Apesar de economista, Gilberto Nogueira é um simpático participante da atual edição do Big Brother Brasil. Conversando com outros participantes, em um inusitado papo-cabeça para o programa, o aluno do doutorado em Economia da Universidade Federal de Pernambuco (UFPE) compartilhou o resultado de um estudo que concluíra que regiões que mais utilizaram a escravidão acabaram tendo um crescimento econômico menor no longo prazo. O que aconteceu?
Com base na lição de Gilberto, outros participantes deram sequência à conversa: para eles esses locais sofreram com uma espécie de carma, uma vingança do universo contra a escravidão. No Econtwitter, a bolha que discute economia naquela rede social, usuários especularam que a referência era na verdade a pesquisa do economista armênio-americano Daron Acemoglu, do Instituto de Tecnologia de Massachusetts (MIT).
O trabalho de Acemoglu, já citado aqui nesta coluna, dá especial ênfase ao papel das “instituições” para o desenvolvimento econômico. Nesta acepção, instituições não são pessoas jurídicas ou órgãos do governo, mas um conjunto de regras que regem o funcionamento da sociedade – sejam as regras formais (como leis) ou informais.
Nesse sentido, a escravidão teria levado a instituições pouco amigáveis ao crescimento econômico no longo prazo. No jargão, instituições mais extrativas (em que elites improdutivas extraem a riqueza do país por meio de privilégios) do que inclusivas (em que as regras do jogo recompensam o esforço e o talento dos cidadãos). Com o cientista político James Robinson (Universidade de Chicago), Acemoglu popularizou os conceitos no best-seller Por que as Nações Fracassam.
A relação entre instituições e escravidão é aprofundada no estudo empírico Encontrando Eldorado.

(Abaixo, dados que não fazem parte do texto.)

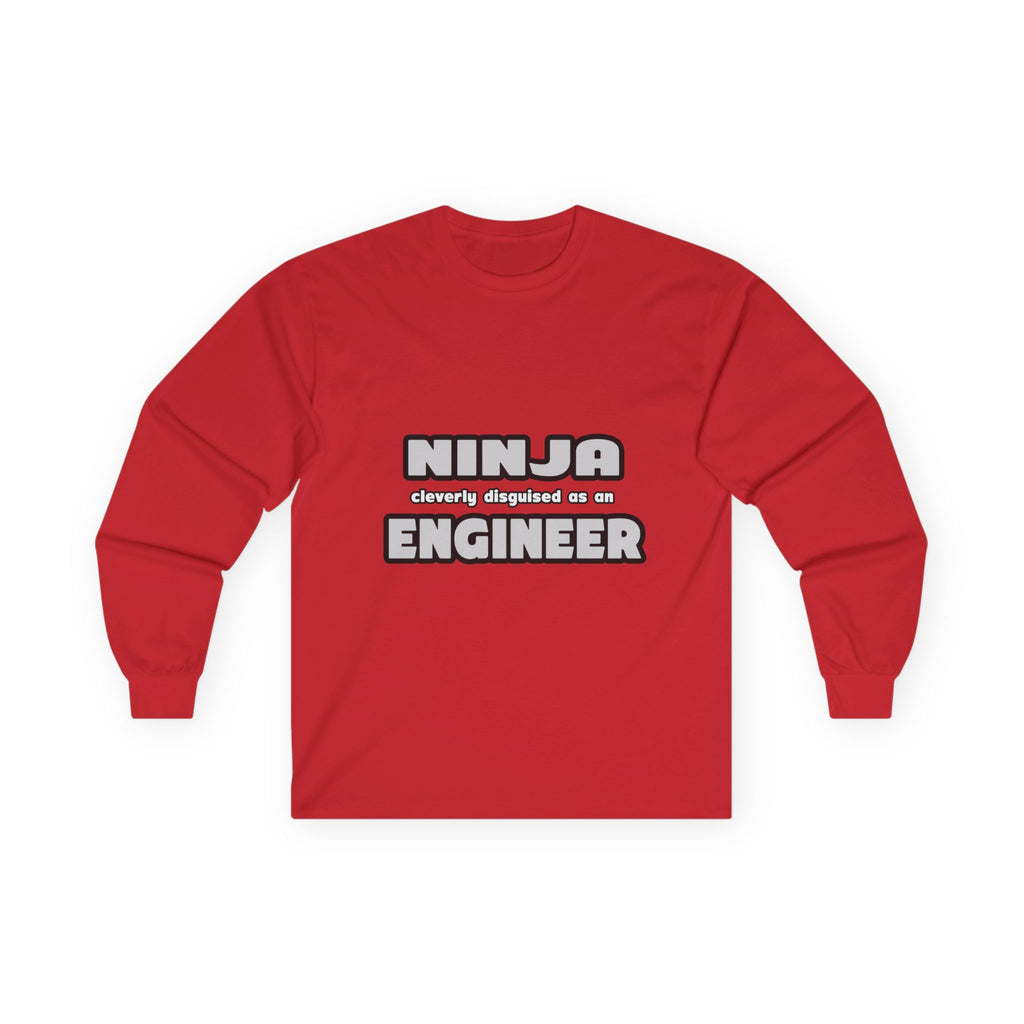 Ninja Cleverly Disguised As An Engineer - Unisex Ultra Cotton Long Sleeve Tee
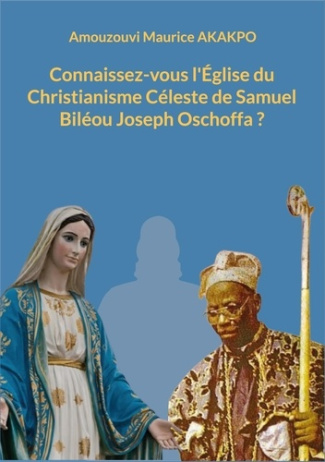 connaissez-vous-l-eglise-du-christianisme-celeste-de-samuel-bileou-joseph-oschoffa_0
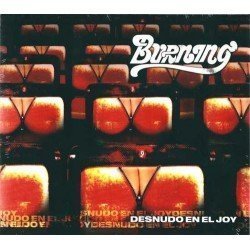 BURNING - DESNUDO EN EL JOY - 2CD+DVD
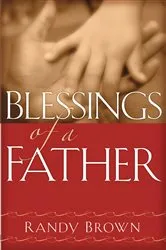 Book cover of Blessings of a Father by Randy Brown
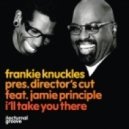 Frankie Knuckles pres. Director\\\'s Cut ft. Jamie Principle - I\\\'ll Take You There (Director\\\'s Cut Classic Signature Mix)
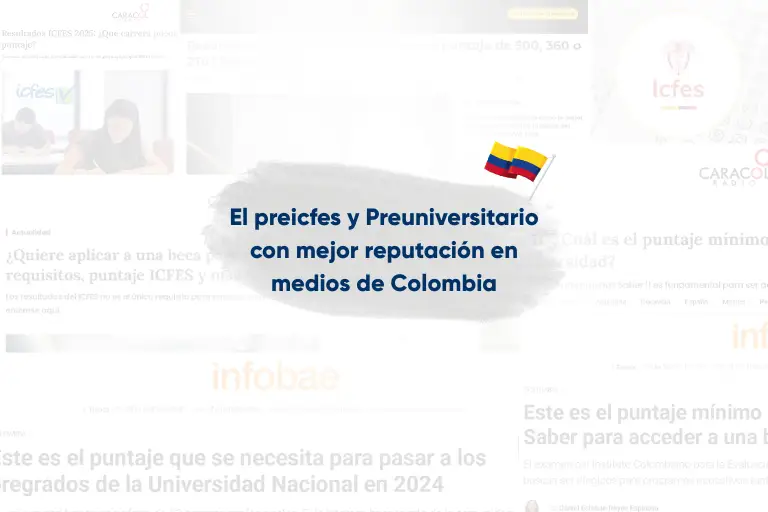 El preicfes y Preuniversitario con mejor reputación en medios de Colombia lo lidera Univérsate.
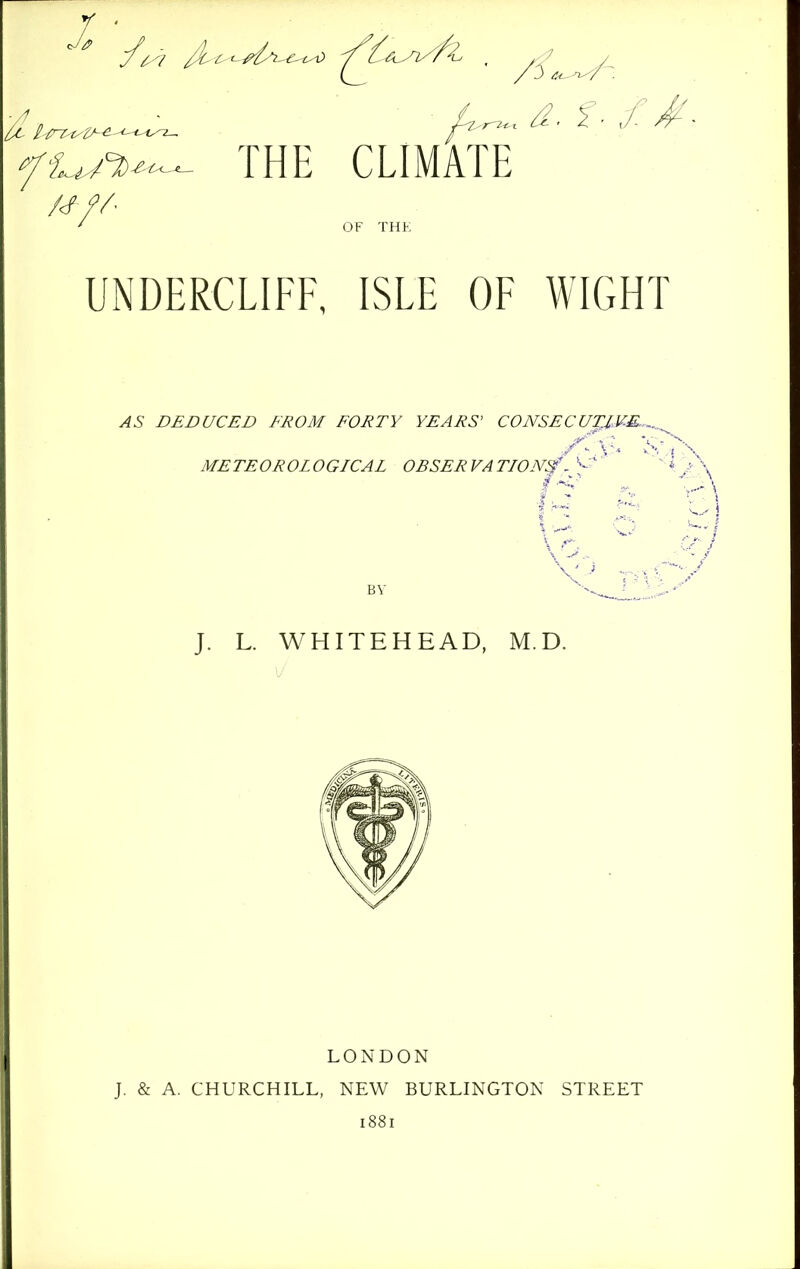 ^ THE CLIMATE OF THE UNDERCLIFF, ISLE OF WIGHT AS DEDUCED FROM FORTY YEARS' CONSECUTJ,V.E.^. METEOROLOGICAL OBSERVATION^ ^« J. L. WHITEHEAD, M.D. LONDON J. & A. CHURCHILL, NEW BURLINGTON STREET 1881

Nele, Acemoglu, Robinson e Camilo García-Jimeno detectam que regiões mineradoras da Colômbia, que demandavam mais trabalho escravo, viviam séculos depois com indicadores piores de pobreza, vacinação e educação – além de desigualdade. Com os métodos quantitativos apropriados, os autores descartam que os indicadores reflitam outras influências daquele período. Concluem que “os efeitos persistentes da escravidão são provavelmente devido em grande parte ao complexo institucional que apoiava a escravidão”. Para piorar, os efeitos parecem até ter piorado ao longo do tempo.
Economistas brasileiros também têm feito um esforço em anos recentes em compreender como a escravidão afetou o País no longo prazo, inclusive pelo seu papel de moldar as instituições. De 2017, o estudo de Humberto Laudares (Universidade de Genebra), Thomas Fujiwara (Princeton) e Felipe Valencia Caicedo (Vancouver School of Economics) aponta para os efeitos persistentes da escravidão sobre a desigualdade. Cada 1% a mais na participação de escravos na população de um município em 1872 estaria associado a um aumento hoje de mais de 0,10 no Índice de Gini. Nesse índice, de 0 a 1, quanto maior o valor, maior é a desigualdade de renda.
Mais recentemente, Thales Pereira, Leonardo Weller (ambos da Escola de Economia de São Paulo da Fundação Getúlio Vargas), Nuno Palma (Universidade de Lisboa) e Andrea Papadia (Universidade de Bonn) mostraram como a escravidão prejudicou o processo de industrialização do País. A existência de escravos teria atrasado esforços de alfabetização e a própria imigração: “Não há evidências de que a escravidão beneficiou as sociedades que dependiam amplamente dela. Não só a escravidão é abominável de uma perspectiva normativa moderna, mas também teve consequências negativas para o desenvolvimento: enquanto os proprietários de escravos e alguns poucos setores lucraram com isso, a sociedade em geral perdeu.”
Esses estudos quantitativos vão ao encontro de visões de outros cientistas sociais e da percepção de muitos cidadãos: a escravidão não ficou em nosso passado. Como fazer com que esse legado não seja uma sentença?